On obtaining neutron-star mass and radius constraints from quiescent low-mass X-ray binaries in the Galactic plane
Alessio Marino, Nathalie Degenaar, Tiziana Di Salvo, Rudy Wijnands,, Luciano Burderi, Rosario Iaria

TL;DR
This study assesses the potential of using X-ray spectra from quiescent low-mass X-ray binaries in the Galactic plane to constrain neutron star masses and radii, highlighting current limitations and future prospects with improved data.
Contribution
It demonstrates the feasibility and challenges of measuring neutron star radii in the Galactic plane and explores how higher quality spectra can improve these constraints.
Findings
Only two sources provided useful radius constraints.
Omitting spectral components biases radius estimates.
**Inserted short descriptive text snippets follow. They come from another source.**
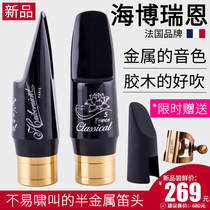 French Hyperion E-down Alto Saxophone B-down Treble Sub-alto Semi-metallic flute head Bakelite 654C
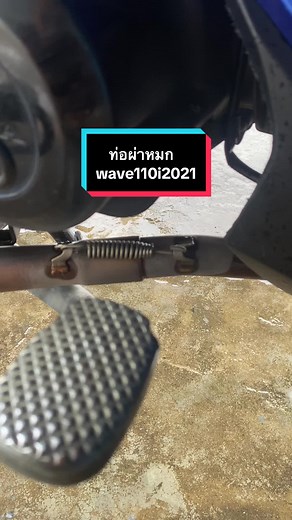 ผ่าหมก คอ 25 มิล chanspeed #ท่อชาญสปีด #110iled2021 #ภัทรเอง #wave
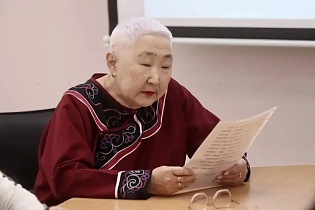 Всероссийский этнодиктант на языках коренных малочисленных народов Севера, Сибири и Дальнего Востока РФ 16-25 февраля 2026 года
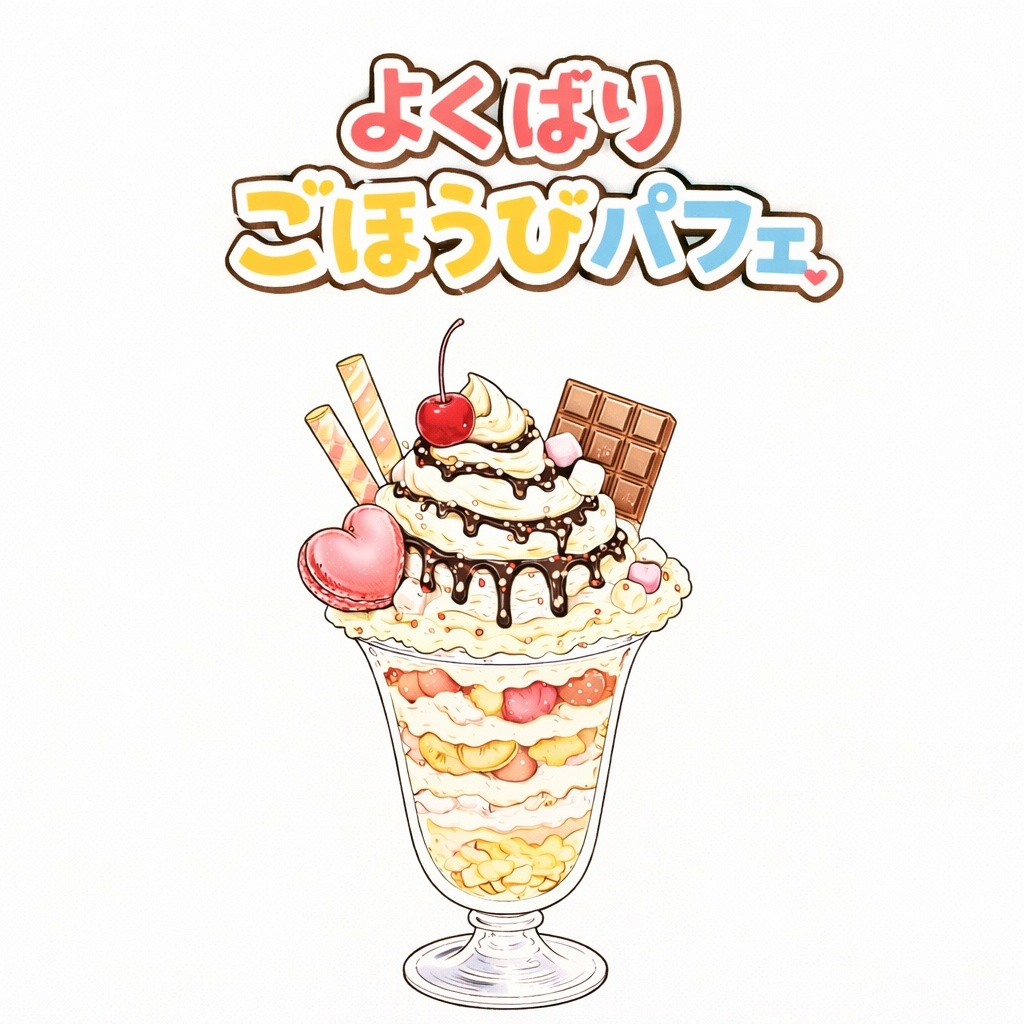 よくばりごほうびパフェ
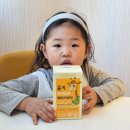 베타 | 올키 아이눈엔 베타카로틴 어린이 눈건강 영양제 후기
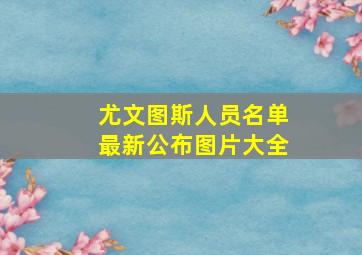 尤文图斯人员名单最新公布图片大全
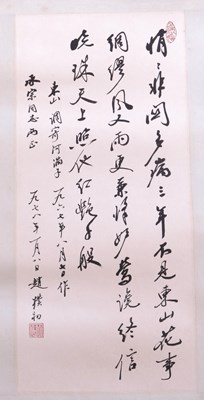 Lot 471 - Two Chinese script scrolls, on paper/card, the...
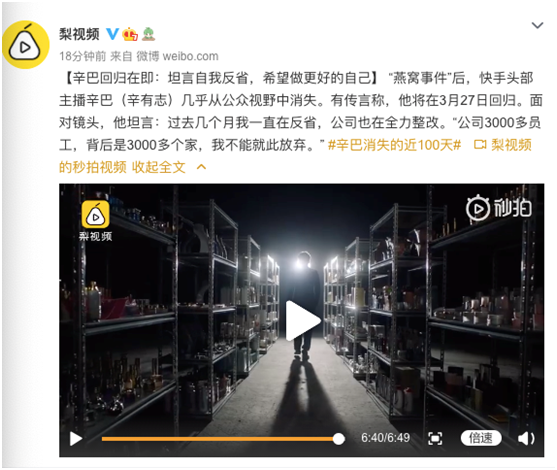 這個視頻刷爆了朋友圈，原來我們對辛巴辛有志誤解這么深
Simulated Athena data can reduce systematic biases.
Abstract
X-ray spectral analysis of quiescent low-mass X-ray binaries (LMXBs) has been one of the most common tools to measure the radius of neutron stars (NSs) for over a decade. So far, this method has been mainly applied to NSs in globular clusters, primarily because of their well-constrained distances. Here, we study Chandra data of seven transient LMXBs in the Galactic plane in quiescence to investigate the potential of constraining the radius (and mass) of the NSs inhabiting these systems. We find that only two of these objects had X-ray spectra of sufficient quality to obtain reasonable constraints on the radius, with the most stringent being an upper limit of 14.5 km for EXO 0748-676 (for assumed ranges for mass and distance). Using these seven sources, we also investigate systematic biases on the mass/radius determination; for Aql X-1 we find that omitting a power-law…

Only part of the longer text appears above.